### Requirement
Return each of the entries below word for word.

Short text fragments from websites:
--------------------------------------------------

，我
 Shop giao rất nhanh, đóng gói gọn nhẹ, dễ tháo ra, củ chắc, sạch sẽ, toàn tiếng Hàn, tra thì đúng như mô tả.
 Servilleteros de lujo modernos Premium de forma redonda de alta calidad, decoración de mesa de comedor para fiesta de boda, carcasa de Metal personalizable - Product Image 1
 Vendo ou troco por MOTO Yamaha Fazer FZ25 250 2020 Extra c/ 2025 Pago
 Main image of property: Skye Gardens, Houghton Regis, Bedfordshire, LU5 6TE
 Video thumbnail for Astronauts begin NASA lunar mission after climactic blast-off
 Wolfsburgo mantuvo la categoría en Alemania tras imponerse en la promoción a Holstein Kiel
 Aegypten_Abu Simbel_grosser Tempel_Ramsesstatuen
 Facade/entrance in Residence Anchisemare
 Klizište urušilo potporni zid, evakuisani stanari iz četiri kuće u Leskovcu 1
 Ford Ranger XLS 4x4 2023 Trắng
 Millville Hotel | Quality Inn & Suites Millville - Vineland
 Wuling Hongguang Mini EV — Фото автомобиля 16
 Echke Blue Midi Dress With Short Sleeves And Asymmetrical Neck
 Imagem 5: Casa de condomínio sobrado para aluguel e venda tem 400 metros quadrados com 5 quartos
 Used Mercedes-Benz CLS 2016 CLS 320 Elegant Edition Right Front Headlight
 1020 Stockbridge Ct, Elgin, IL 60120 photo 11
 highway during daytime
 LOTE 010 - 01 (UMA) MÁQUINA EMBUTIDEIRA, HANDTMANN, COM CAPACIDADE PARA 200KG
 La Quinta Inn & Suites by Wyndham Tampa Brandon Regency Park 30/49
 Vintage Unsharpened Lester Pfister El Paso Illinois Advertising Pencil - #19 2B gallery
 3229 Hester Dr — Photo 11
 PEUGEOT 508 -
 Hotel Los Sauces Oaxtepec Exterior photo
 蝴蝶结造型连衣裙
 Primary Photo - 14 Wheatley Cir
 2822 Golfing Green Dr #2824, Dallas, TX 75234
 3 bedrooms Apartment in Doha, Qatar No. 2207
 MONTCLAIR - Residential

--------------------------------------------------

### Output
，我
 Shop giao rất nhanh, đóng gói gọn nhẹ, dễ tháo ra, củ chắc, sạch sẽ, toàn tiếng Hàn, tra thì đúng như mô tả.
 Servilleteros de lujo modernos Premium de forma redonda de alta calidad, decoración de mesa de comedor para fiesta de boda, carcasa de Metal personalizable - Product Image 1
 Vendo ou troco por MOTO Yamaha Fazer FZ25 250 2020 Extra c/ 2025 Pago
 Main image of property: Skye Gardens, Houghton Regis, Bedfordshire, LU5 6TE
 Video thumbnail for Astronauts begin NASA lunar mission after climactic blast-off
 Wolfsburgo mantuvo la categoría en Alemania tras imponerse en la promoción a Holstein Kiel
 Aegypten_Abu Simbel_grosser Tempel_Ramsesstatuen
 Facade/entrance in Residence Anchisemare
 Klizište urušilo potporni zid, evakuisani stanari iz četiri kuće u Leskovcu 1
 Ford Ranger XLS 4x4 2023 Trắng
 Millville Hotel | Quality Inn & Suites Millville - Vineland
 Wuling Hongguang Mini EV — Фото автомобиля 16
 Echke Blue Midi Dress With Short Sleeves And Asymmetrical Neck
 Imagem 5: Casa de condomínio sobrado para aluguel e venda tem 400 metros quadrados com 5 quartos
 Used Mercedes-Benz CLS 2016 CLS 320 Elegant Edition Right Front Headlight
 1020 Stockbridge Ct, Elgin, IL 60120 photo 11
 highway during daytime
 LOTE 010 - 01 (UMA) MÁQUINA EMBUTIDEIRA, HANDTMANN, COM CAPACIDADE PARA 200KG
 La Quinta Inn & Suites by Wyndham Tampa Brandon Regency Park 30/49
 Vintage Unsharpened Lester Pfister El Paso Illinois Advertising Pencil - #19 2B gallery
 3229 Hester Dr — Photo 11
 PEUGEOT 508 -
 Hotel Los Sauces Oaxtepec Exterior photo
 蝴蝶结造型连衣裙
 Primary Photo - 14 Wheatley Cir
 2822 Golfing Green Dr #2824, Dallas, TX 75234
 3 bedrooms Apartment in Doha, Qatar No. 2207
 MONTCLAIR - Residential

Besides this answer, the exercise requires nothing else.